I am thoroughly enjoying winter and looking forward to months more of it, so I am surprised, as I am about this time every year, that the colors in my paintings are becoming dramatically warmer and brighter. These are not the colors I see in the landscape around me, but fantasies...dreams. When I sit across the studio and look at a just-finished painting like this one, wondering what it's about, I realize that some part of me must be longing for color after months of being swaddled in a blanket of white. I think these must be the mountains and trees in winter, dreaming of spring, and so as at this time every year, I find myself in the studio conjuring light.
Invocation ©Kesler Woodward 2024 Acrylic on Canvas 36" x 48"
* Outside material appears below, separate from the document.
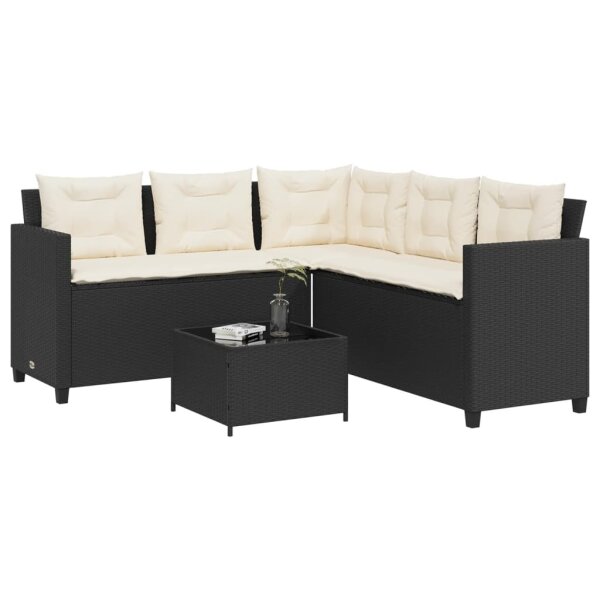 vidaXL Gartensofa in L-Form mit Tisch und Kissen Schwarz Poly Rattan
When I begin a painting like this one, inspired by the glorious view south to the Alaska Range from an overlook just below our home, what I'm focused on is not the distant mountains, but the intricate screen of bare trunks and branches through which I see the light from the south. I always think, "Well, maybe I'll put in a few of those trees," and a week later, I'm still painting them. It's crazy to try to paint that foreground network, "growing" the trees on canvas from scratch to disperse the light, but despite the ridiculous hours day after day, I find it comforting, almost meditative, and deeply satisfying to watch it grow. There's no way to convey the wonder of that light without those trees.
At the Edge of the Light ©Kesler Woodward 2024 Acrylic on Canvas 30" x 24"
The light in deep winter is wan, but the most delicate and beautiful of the year, and there's no place so perfect to see it as on the snow that burdens the branches of the spruce in the forest. The rising light of late morning dawn turns the dollops on the stunted boughs to jewelry, transforming gnarled limbs to faerie. I never tire of this magic.